Aka:Story of one man-month of development lost due to a bug in a debugging tool.

jackiechan-meme

Update Jan 3, 2020: The bug is also present with single-threaded applications.

Memory corruption

Memory corruption can be hard to track, especially when you have a multithreaded application with features that makes it hard to reproduce. This is generally the case for games, where thousands of factors can make a race condition appear, or not. Framerate could be unstable, the GPU could take a bit more time than usual to render, something being streamed from the internet took a bit longer than usual. Even without all those reasons, you might want tools that help you debug those issues.

There are quite a few available that can help you detect memory corruption and race conditions. One such tool on Windows is AppVerifier, it has a good number of features and one of those is the debug heap. It seems that it does a bit more than just enabling the gflags Page Heap Verification, and can hook functions such as HeapAlloc.

The Page Heap Verification can be used not only to track memory corruption but also leaks, and works with any application using new/malloc/HeapAlloc for allocations. More info on how to use it from WinDbg here. Sounds great right? I have been using this tool for a while now. But the last time I used it, I had issues finding where the bug it detected came from.

A seemingly inconsistent crash

I usually fire up WinDbg to find the cause of the crash, so that I can easily inspect the memory that was corrupted. Most of the time, I saw the crash happening in DirectX or in the GPU driver. Usually, this does not sound good. I also sometimes had this particular crash in libcurl. For a while I couldn’t figure out what the issue was. Callstacks had nothing in common but somehow, it was not random. A few callstacks kept appearing in those two libraries. At first, I thought we might have had some incompatibility in libcurl with it’s allocations. I made sure we compiled it with the correct flag, set the allocation functions at init. And BAM! No more issues.

It seemed like a weird fix since libcurl allocates everything using its own functions, and is wrapped in its own .dll. But the bug disappeared. And as our QA team didn’t reproduce it unless they used AppVerifier so we decided to stop worrying about it. I spent about a week or two looking for various causes for the crash, found potential bugs in other parts so it was kind of worth it anyway.

The return of the crash

Until we had another memory corruption. As usual I fired up AppVerifier and WinDbg. After running the game a few times, I found the crash we were looking for. However I did also encounter the old DirectX crash once. It was not gone… So I fixed one issue. Then another. Used static analysis tools, other applications such as Intel Inspector, coded my own page guards using VirtualAlloc, but nothing really helped me find it. I kept disabling gameplay features, but the bug stayed. And was most of the time getting harder to reproduce.

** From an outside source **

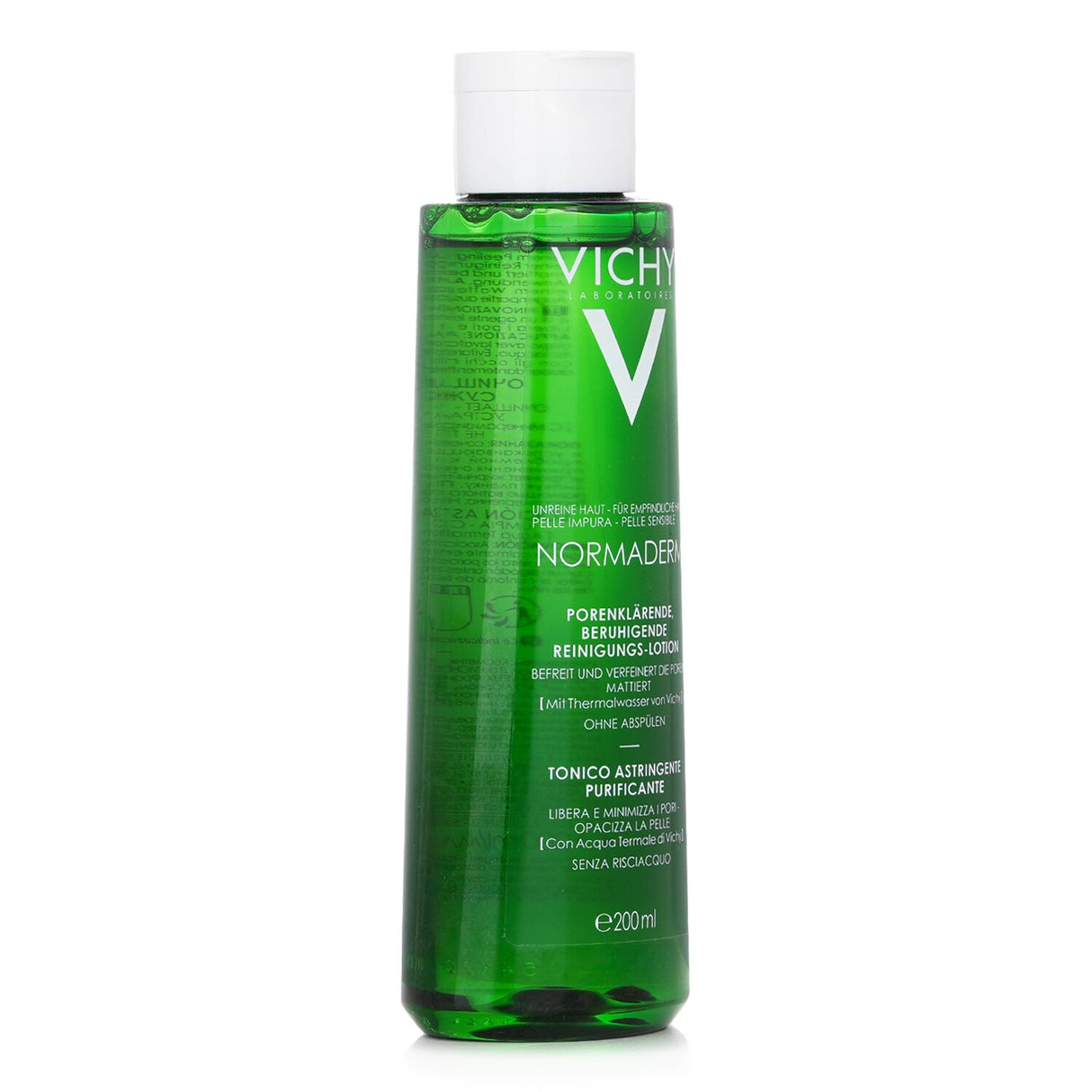 Vichy - Normaderm Purifying Pore-Tightening Toner (For Acne Prone Skin) - 200ml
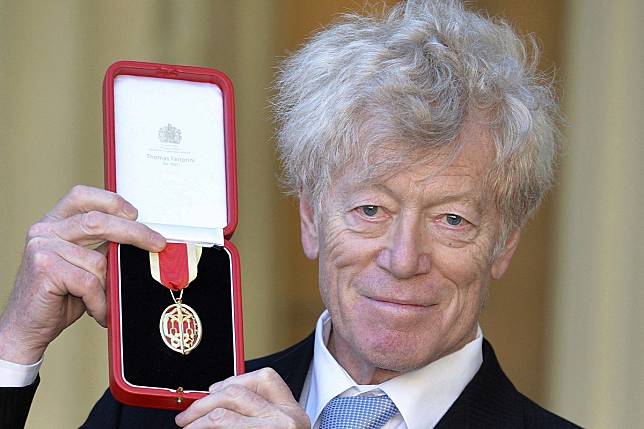 Philosopher Roger Scruton, one of Britain's most prominent conservative thinkers, has died aged 75. Photo: AP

I did have a few suspects though, I knew that the problem was that memory allocated through HeapAlloc with HEAP_ZERO_MEMORY had parts not set to zero. And the issue I had in libcurl was similar: memory allocated with calloc was not zero-filled. I looked for ages where this could be triggered from. Most of the time, the value was filled with 0xCC, 0xCD, or 0xD0. Which meant uninitialized memory or freed memory. More patterns can be found here

And so I assumed there was a use after free somewhere. My hypothesis was the following:

  • Thread A frees the memory
  • Thread B allocates memory, asking it to be zero-filled, and gets the same address
  • Thread A does a use-after-free
  • Thread B reads memory that should have been null but is not, and we get an invalid pointer.

And that’s where I made a mistake. I thought that my tooling was bug-free. But let’s get back to the problem.

A reach for help

At some point, unable to find the source of the bug, I sent a mail to the DirectX team with a (huge) crashdump. I was first told it probably was a mistake on our side. I was kind of expecting this, DirectX is used in a lot of games and never showed such issue. And it only happened when using AppVerifier. But as I explained the problem more deeply, my contact understood the issue and was kind enough to help me and investigate a bit. Sadly for me, he confirmed that the problem was not in DirectX. However, he told me the memory was always allocated by HeapAlloc with the HEAP_ZERO_MEMORY which confirmed my earlier suspicions.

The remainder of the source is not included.